9 thoughts on “Empathy means understanding that some people have less of it

  1. Also important to note: The amount of empathy you have for others can change. I don’t know why or how or if we’re capable of changing the amount of empathy other people have. But I do know that I have more empathy for others now, especially for animals, then I used to. I’m way more emotional. I used to never cry at movies but these days I sometimes do.

  2. It’s many years ago now but when in Mumbai traveling in a car with two Indian vegan friends, one who was driving. We stopped at the lights and several women beggars appeared thrusting babies at the car window, my friends ignored them saying it’s just an easy option to beg, they can easily get jobs!
    It appears that it is not difficult for humans to ‘compartmentalise’ empathy. Committed vegans they are but that empathy is focused on animals and not certain humans.
    To some extensive their views were confirmed when we went to the famous Gate of India and it was clear that children beggars were being directed to us from an organiser sitting nearby.
    In a similar vein we all know vegans who emphasise totally with animals but have little patience with certain humans whom they identify as the cause of animal suffering. You can only emphasise when you can truly see another persons point of view and put yourself in their shoes.

  3. “Psychopathy, sometimes considered synonymous with sociopathy, is traditionally defined as a personality disorder characterized by persistent antisocial behavior, ***impaired empathy*** and remorse, and bold, disinhibited, egotistical traits.”

    Psychopathy – Wikipedia
    https://en.wikipedia.org/wiki/Psychopathy

    Should we also be cutting psychopaths and sociopaths slack? I for one don’t think so. I don’t have a solution but empathizing with people who lack empathy does not seem productive. The dominant animal-abusing culture already excuses the inexcusable.

  4. Good point: have empathy for those with little or no empathy. If we are to live in the kindest way possible then let’s extend our kindness to all, because that’s who we are.
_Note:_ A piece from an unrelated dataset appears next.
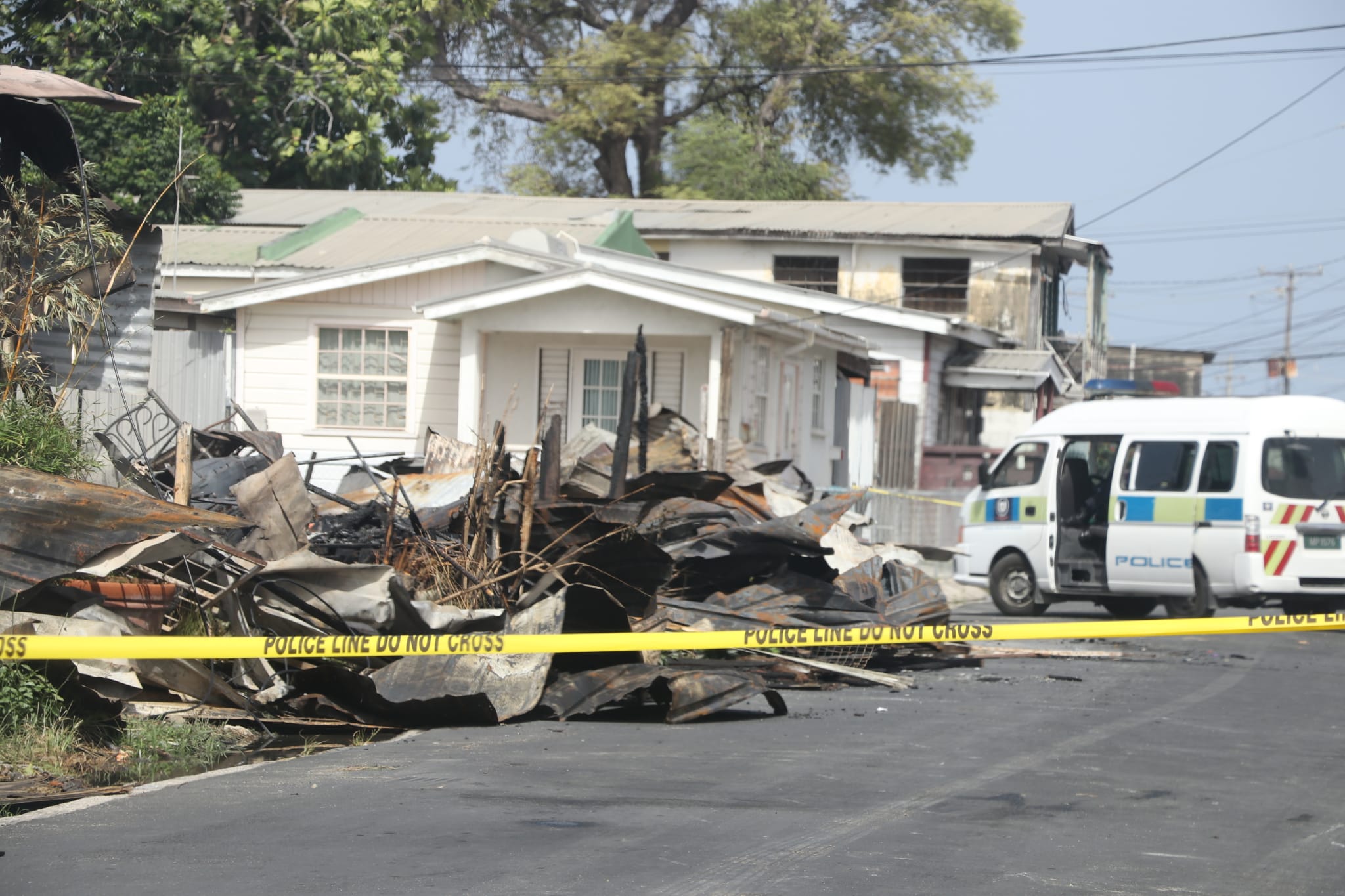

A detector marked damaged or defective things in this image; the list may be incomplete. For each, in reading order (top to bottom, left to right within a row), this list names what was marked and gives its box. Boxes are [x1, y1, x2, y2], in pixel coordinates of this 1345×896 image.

Our empathy and kindness don’t need to be earned or compartmentalized.

  5. Assuming that the amount of empathy people feel is genetically variable….this amounts to promoting one variant over another. This isn’t much different than what people have done for centuries for physical characteristics. For example upholding certain genetic variants up as “beautiful” while others as needing to be changed.
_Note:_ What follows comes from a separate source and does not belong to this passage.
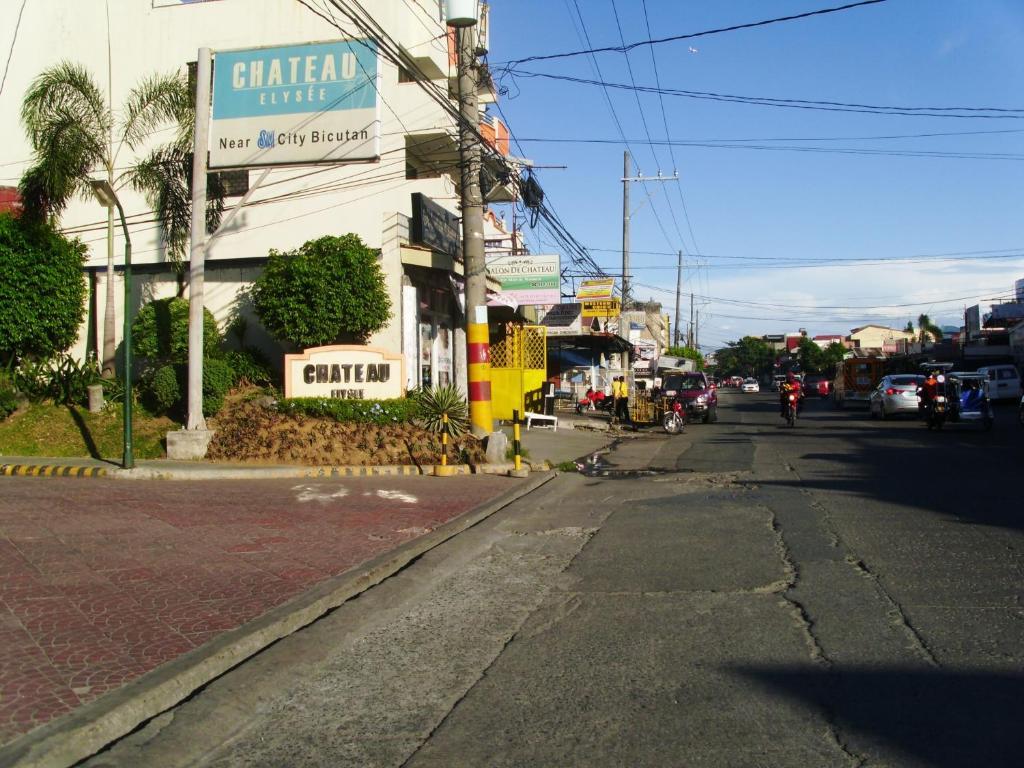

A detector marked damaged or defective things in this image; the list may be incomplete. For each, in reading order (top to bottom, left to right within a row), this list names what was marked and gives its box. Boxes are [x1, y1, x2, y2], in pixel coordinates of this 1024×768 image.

    If you told this story in another context, perhaps a forum for hunting, it would undoubtedly be seen negatively……they would likely believe the boy needs to be *less* empathic.

  6. It’s so wonderful that i found your blog, especially this articel with those questions in it i must often fight with too, because i don’t come to satisfactory answers. I just believe, that it is m o r e the biology/heredity/ the things inside the body, than the enviroment, who made us as we are. But that dosn’t mean the enviroment wouldn’t be involved… I just see in the near future, that Epigenetics and Biospsichology could help. But now:

    Regards just from your friendly neighborhood Antinatalist!